▶ [Your goal] Write out, word for word, every line from the one where "Hand-genähtes Murmelsäckchen mit" occurs to the final line of the entries, and nothing beyond them.

Crawled caption data
----------------------------------------

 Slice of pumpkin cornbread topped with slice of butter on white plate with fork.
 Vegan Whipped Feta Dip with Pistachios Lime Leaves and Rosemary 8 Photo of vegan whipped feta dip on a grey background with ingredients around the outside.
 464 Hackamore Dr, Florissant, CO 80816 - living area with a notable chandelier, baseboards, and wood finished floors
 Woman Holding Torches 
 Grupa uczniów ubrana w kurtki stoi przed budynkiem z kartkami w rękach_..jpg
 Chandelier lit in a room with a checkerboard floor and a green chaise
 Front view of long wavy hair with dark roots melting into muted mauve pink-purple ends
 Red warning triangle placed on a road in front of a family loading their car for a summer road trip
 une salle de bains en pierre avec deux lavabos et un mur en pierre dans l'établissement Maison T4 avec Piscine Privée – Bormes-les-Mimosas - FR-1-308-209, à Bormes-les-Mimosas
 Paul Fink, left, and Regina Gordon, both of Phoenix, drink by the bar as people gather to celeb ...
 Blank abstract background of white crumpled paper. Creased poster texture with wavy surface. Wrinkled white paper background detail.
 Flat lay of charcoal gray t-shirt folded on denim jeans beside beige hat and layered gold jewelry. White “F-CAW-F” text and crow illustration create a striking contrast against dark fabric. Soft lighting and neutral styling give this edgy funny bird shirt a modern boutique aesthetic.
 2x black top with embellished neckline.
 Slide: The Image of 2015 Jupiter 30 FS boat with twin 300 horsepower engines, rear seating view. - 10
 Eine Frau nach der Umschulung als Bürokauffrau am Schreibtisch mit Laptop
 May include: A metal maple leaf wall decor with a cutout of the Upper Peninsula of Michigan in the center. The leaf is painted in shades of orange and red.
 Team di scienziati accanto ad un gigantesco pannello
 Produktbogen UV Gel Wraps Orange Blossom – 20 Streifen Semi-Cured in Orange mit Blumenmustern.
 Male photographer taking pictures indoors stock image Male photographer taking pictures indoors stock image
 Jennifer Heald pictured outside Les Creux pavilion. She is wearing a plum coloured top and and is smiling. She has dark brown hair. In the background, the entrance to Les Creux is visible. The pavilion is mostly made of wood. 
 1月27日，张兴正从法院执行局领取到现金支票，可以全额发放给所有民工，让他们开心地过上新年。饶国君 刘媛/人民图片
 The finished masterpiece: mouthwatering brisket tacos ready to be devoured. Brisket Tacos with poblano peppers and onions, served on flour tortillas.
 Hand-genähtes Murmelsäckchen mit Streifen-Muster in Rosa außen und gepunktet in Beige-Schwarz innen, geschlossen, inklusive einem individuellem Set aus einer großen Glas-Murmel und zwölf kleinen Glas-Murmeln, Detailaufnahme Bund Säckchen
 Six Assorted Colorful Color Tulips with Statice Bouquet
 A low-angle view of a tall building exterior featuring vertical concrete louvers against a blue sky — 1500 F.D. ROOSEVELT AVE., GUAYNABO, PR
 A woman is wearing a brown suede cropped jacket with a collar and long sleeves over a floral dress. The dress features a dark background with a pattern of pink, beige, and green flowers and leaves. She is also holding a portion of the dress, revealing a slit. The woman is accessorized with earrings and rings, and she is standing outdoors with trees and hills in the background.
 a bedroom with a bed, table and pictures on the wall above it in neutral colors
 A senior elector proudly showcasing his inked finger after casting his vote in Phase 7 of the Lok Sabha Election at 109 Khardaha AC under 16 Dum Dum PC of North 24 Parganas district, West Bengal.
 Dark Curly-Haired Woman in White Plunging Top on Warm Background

----------------------------------------

▶ [Result of this exercise]
 Hand-genähtes Murmelsäckchen mit Streifen-Muster in Rosa außen und gepunktet in Beige-Schwarz innen, geschlossen, inklusive einem individuellem Set aus einer großen Glas-Murmel und zwölf kleinen Glas-Murmeln, Detailaufnahme Bund Säckchen
 Six Assorted Colorful Color Tulips with Statice Bouquet
 A low-angle view of a tall building exterior featuring vertical concrete louvers against a blue sky — 1500 F.D. ROOSEVELT AVE., GUAYNABO, PR
 A woman is wearing a brown suede cropped jacket with a collar and long sleeves over a floral dress. The dress features a dark background with a pattern of pink, beige, and green flowers and leaves. She is also holding a portion of the dress, revealing a slit. The woman is accessorized with earrings and rings, and she is standing outdoors with trees and hills in the background.
 a bedroom with a bed, table and pictures on the wall above it in neutral colors
 A senior elector proudly showcasing his inked finger after casting his vote in Phase 7 of the Lok Sabha Election at 109 Khardaha AC under 16 Dum Dum PC of North 24 Parganas district, West Bengal.
 Dark Curly-Haired Woman in White Plunging Top on Warm Background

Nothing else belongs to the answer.